Studio album by Journey
- Released: January 1976
- Recorded: August–October 1975
- Studios: CBS Studios, San Francisco
- Genres: Progressive rock; hard rock;
- Length: 41:41
- Label: Columbia
- Producers: Journey and Glen Kolotkin

Journey chronology
| Journey (1975) | Look into the Future (1976) | Next (1977) |

Singles from Look into the Future
- "On a Saturday Nite" Released: March 1976; "She Makes Me (Feel Alright)" Released: July 23, 1976;

= Look into the Future =

Look into the Future is the second studio album by the American rock band Journey. It was released in January 1976 by Columbia Records.
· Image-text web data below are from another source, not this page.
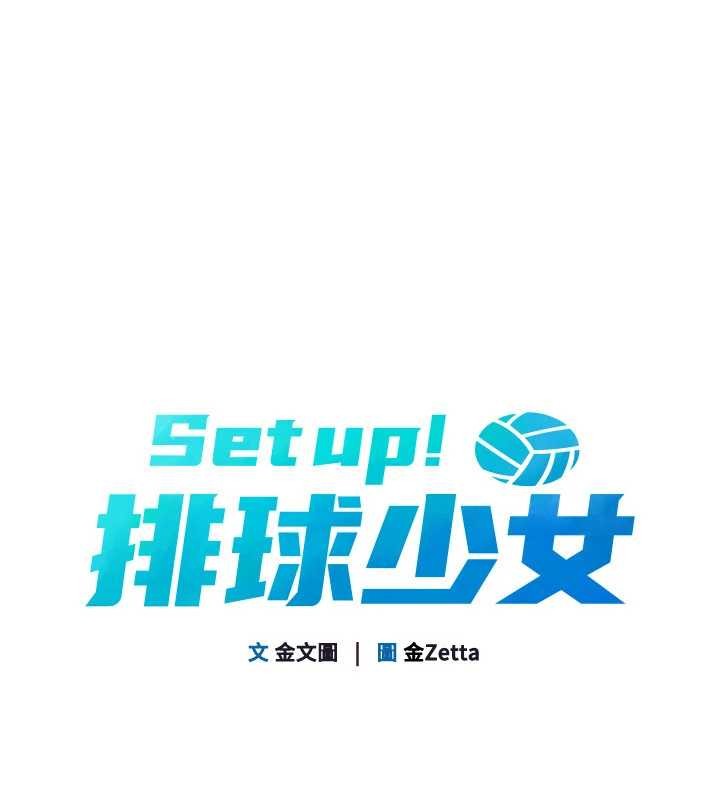 第79话-都怪你点燃我的慾火&hearts;-Set up!排球少女-金Zetta,金文图（第16张）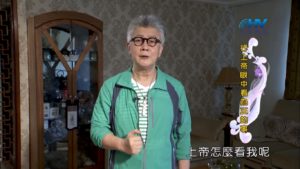 20181130恩典365 – 士師 – 背景 4.偏行己路 : 行上帝眼中看為正的事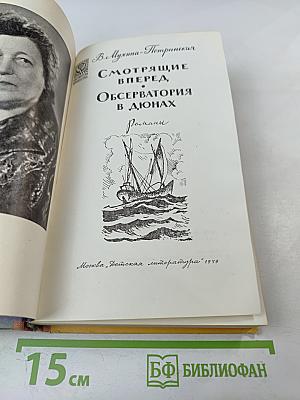 Смотрящие вперед. Обсерватория в дюнах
For their second album, the members of Journey toned down the overt progressiveness of their first, self-titled release, in favor of a more focused approach. Despite that, Look into the Future still retains some of the experimental approach and sound of the debut, especially in the title track and "I'm Gonna Leave You". The album also features a cover version of The Beatles' "It's All Too Much" from the 1968 Yellow Submarine film and 1969 soundtrack. The title track is the longest recorded Journey song.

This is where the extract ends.